Leading the Way: Business Affiliates Scholarship Program Supports Students from the Region

Animal Science/Pre-Veterinary Medicine major Kyle Rickle is a prime example of how University of Findlay’s Business Affiliates Scholarship Program positively impacts the students it assists.
At the program’s recent celebration breakfast to honor funding participants and introduce to them the students their dollars are helping, Rickle relayed how his scholarship has financially eased his challenges, which have included more than his fair share of health scares. Beginning in middle school, Rickle endured multiple brain surgeries, and while a UF undergraduate, survived enterohemorrhagic E-coli, a life-threatening intestinal infection.
Through it all, Rickle, a Findlay native and Liberty-Benton High School graduate, said he has been able to maintain a competitive GPA, serve on the president’s student advisory council, and work with area veterinarians. His Business Affiliates scholarship is a key component of his forward academic momentum.
Lydia Sparks, another scholarship recipient who is also from Findlay, shared her struggles as well. Sparks said she moved out of her mother’s home four months prior to graduating from high school to accommodate her sister and sister’s three children; her sister’s husband had died of a heroin overdose, necessitating an adjustment to the family’s living arrangements. Along with excelling in her studies, Sparks stepped up as an aunt to help care for the children.
At UF, Sparks has used her struggles as career inspiration; she hopes to become an intervention specialist within a regional school district. Meanwhile, she is also working at the University’s Shafter Library, volunteering as a tutor for the College of Education’s Clubhouse, which assists Hancock County K-12 students with literacy lessons; and remains active in the educational honor society.
“The truth is, I’m not here for myself,” Sparks told breakfast attendees. “I want to help others. UF has changed my life and I want to make a positive impact on others for the rest of their lives.”
Sparks’ localized career objective is in keeping with the Business Affiliates Scholarship Program, which seeks to cultivate and encourage professionals who intend to remain in the area, thereby enriching the workforce and those it serves.
Program participants provide critical financial support to UF students with financial need who either graduated from a Hancock County high school or who are currently employed by a Hancock County business.
“Business Affiliates Scholarships help to forge a bond between students and the community, enhancing the opportunity to keep talented young people in the area after graduation,” the program’s website explains.
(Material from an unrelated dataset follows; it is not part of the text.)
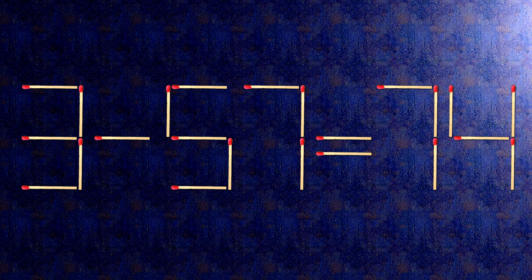Here is how this puzzle is solved. All we need to do is move this match right here, and this match right here. Now when we check the condition, 7 plus 67 is 74.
“You don’t realize how impactful your support really is,” said scholarship recipient Mackenzie Wagner at the breakfast. Wagner always knew she wanted to attend UF, “but when that first tuition bill came, there was a lump in my throat,” she admitted. The University’s Financial Aid Office helped guide her through the process, and her Business Affiliates scholarship is providing her with much-needed help. “The stress of ‘how will I afford this’ doesn’t weigh so heavily on my mind now,” she explained.
This school year, 18 students are Business Affiliates Scholarship recipients, and a record number of dollars were collected. With regional leaders recognizing the value of uplifting students in pursuit of degrees at UF, support increased by 25 percent, according to Karen George, senior director of UF’s Office of Advancement.